◆ Assignment ◆
Exactly the lines from the one containing "iPhone 14 normal آیفون ۱۴ نرمال ریجستر" through the end of the records must be reproduced; leave out all pictures.

◆ The input ◆

===

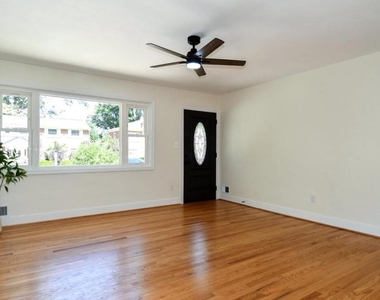 4008 Adams Drive - Photo Thumbnail 1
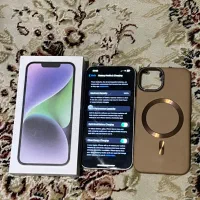 iPhone 14 normal آیفون ۱۴ نرمال ریجستر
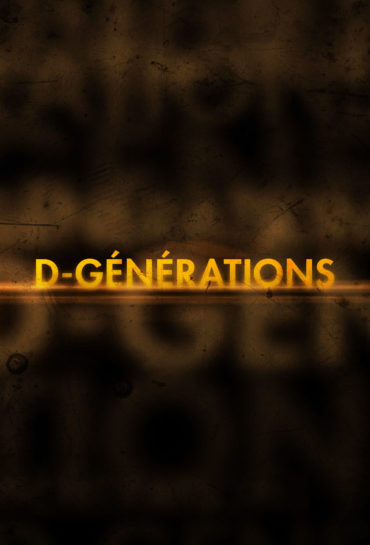 D-Générations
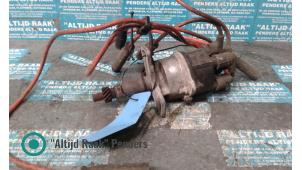 Gebruikte Delco Subaru Legacy Prijs op aanvraag aangeboden door "Altijd Raak" Penders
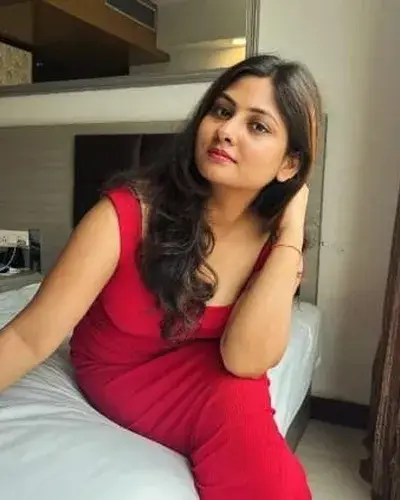 Escort Service In Igatpuri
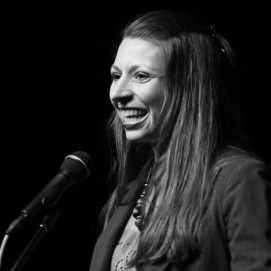 Storyteller Thumbnails Template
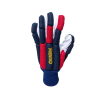 LUVAS DE HOQUEI RENO CONFORT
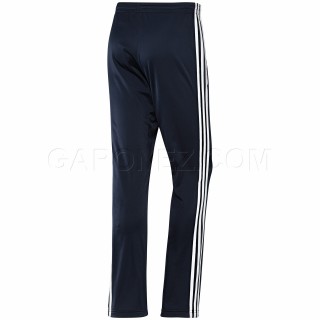 Adidas Originals Pants Superstar X51591
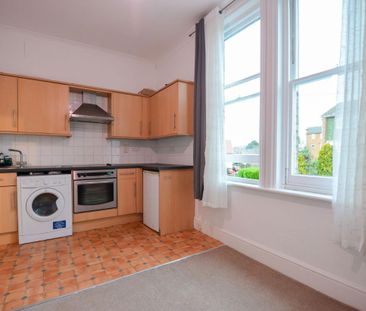 1 bed flat to rent in Baillie Road, Guildford, GU1 - Photo 5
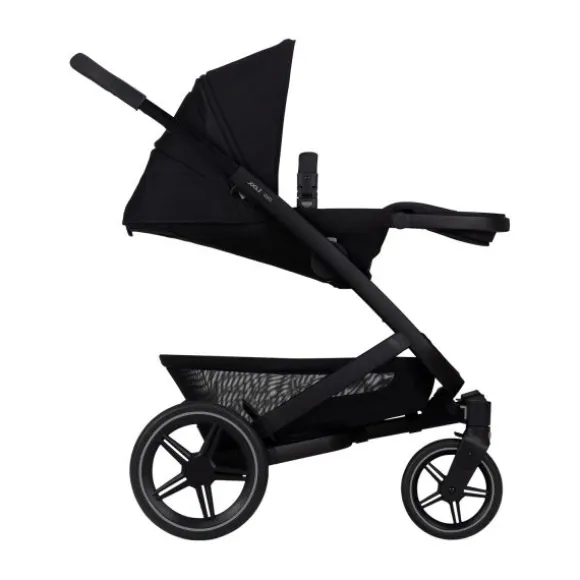 Joolz Geo 3 Kinderwagen 2-in-1 - Hazel Brown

===

◆ Written response ◆
 iPhone 14 normal آیفون ۱۴ نرمال ریجستر
 D-Générations
 Gebruikte Delco Subaru Legacy Prijs op aanvraag aangeboden door "Altijd Raak" Penders
 Escort Service In Igatpuri
 Storyteller Thumbnails Template
 LUVAS DE HOQUEI RENO CONFORT
 Adidas Originals Pants Superstar X51591
 1 bed flat to rent in Baillie Road, Guildford, GU1 - Photo 5
 Joolz Geo 3 Kinderwagen 2-in-1 - Hazel Brown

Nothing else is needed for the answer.